抗生物質の適正使用、安定供給は「厚労省の政策課題」でもある!!

 みなさん、お元気ですか?今週は、そぼ降る雨でスタート。といって明日は、またすごく暑くなるらしい。気温、湿度の変動激しきこの季節、お体にお気を付けください。

 さて、ここに来て、なお後発医薬品の出荷調整(一部医療機関への供給停止)が問題になっています。使用促進で現場ニーズが急増、後発メーカーの製造が追いつかないというケースが多いようです。しかし、ペニシリン系配合注射剤スルバクタム/アンピシリンの出荷調整は、ちょっと違う側面もあり、極めて深刻です【RISFAX18年6月8日号参照】。後発品のみならず先発品も不足しているからです。後発品は6社近く出していたんですが、昨年秋以降、次々に供給停止に。。。近くMeijiSeikaファルマだけになる見通しです。しかし、同社の工場もすでにフル稼働で、現場ニーズに間に合わない。後発品に市場を食われ、そろそろ撤退かと見られた先発品ユナシン(ファイザー)も増産しなければならないでしょう。

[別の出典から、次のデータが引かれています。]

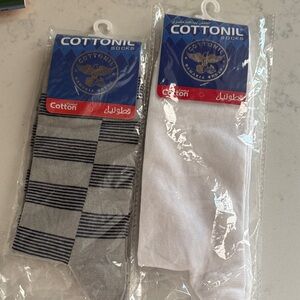 NWT Egyptian Cotton Men's Socks - Gray and White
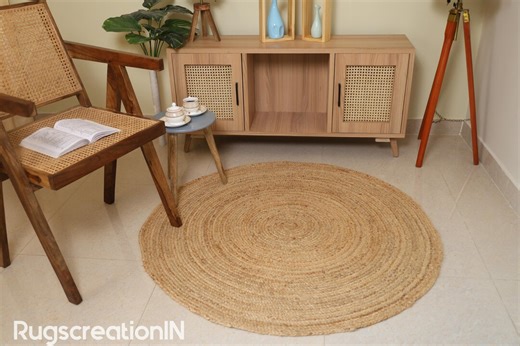 6x6, 7x7 Feet Large Size Round Jute Rug, Natural Jute Rug, Hand Braided Rug Round Boho Rug, Rustic Home Decor - Etsy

ユナシンはG1品目(すでに80%以上後発品にシェアを奪われている長期収載品=メーカーの意思で撤退が認められる)なので、ファイザーは、やめようとしていたかもしれません。が、「やめたいです」なんて、言い出せる状況ではなくなってしまいました。

 後発品が出荷調整に陥った責任は、一義的にメーカーにあるのは確かです。しかし、スルバクタム/アンピシリンの場合、現場ニーズが急増した背景には、使用促進策ではなく、薬剤耐性(AMR)対策があります。抗生物質の不適切な使用で、AMRが世界的に問題となり、各国政府が対策に乗り出しました。日本でも厚労省がアクションプランを作成、学会も新たな使用ガイドラインを作り、スルバクタム/アンピシリンを肺炎(入院)第1選択薬にしたのです。AMRのアクションプランには、厚労省の取り組むべき課題として「抗生物質の使用量の継続的な監視」が明記されています。スルバクタム/アンピシリン後発品の供給停止は昨年秋頃から、現在まで段階的に起こった現象です。ある程度、時間があったわけです。厚労省は、こんなにひどい状況に現場が追い込まれるまで何も手を打たなかったのでしょうか?例えば、メーカーから原因や供給再開の目処を聴取するとか、他のメーカーに、増産を打診するとか。やっていたのでしょうか?今回のケースは、通常の供給調整とは違います。厚労省も「メーカーは怪しからん!!!早く何とかしろ!!」と言っているだけでは済まないです。

 写真は先ごろ開かれた日本ジェネリック製薬協会(GE薬協)の懇談会で。右から日本製薬団体連合会の手代木功会長、GE薬協の澤井光郎会長、吉田逸郎前会長(現副会長)。それではみなさん、素敵な一週間をお過ごしください。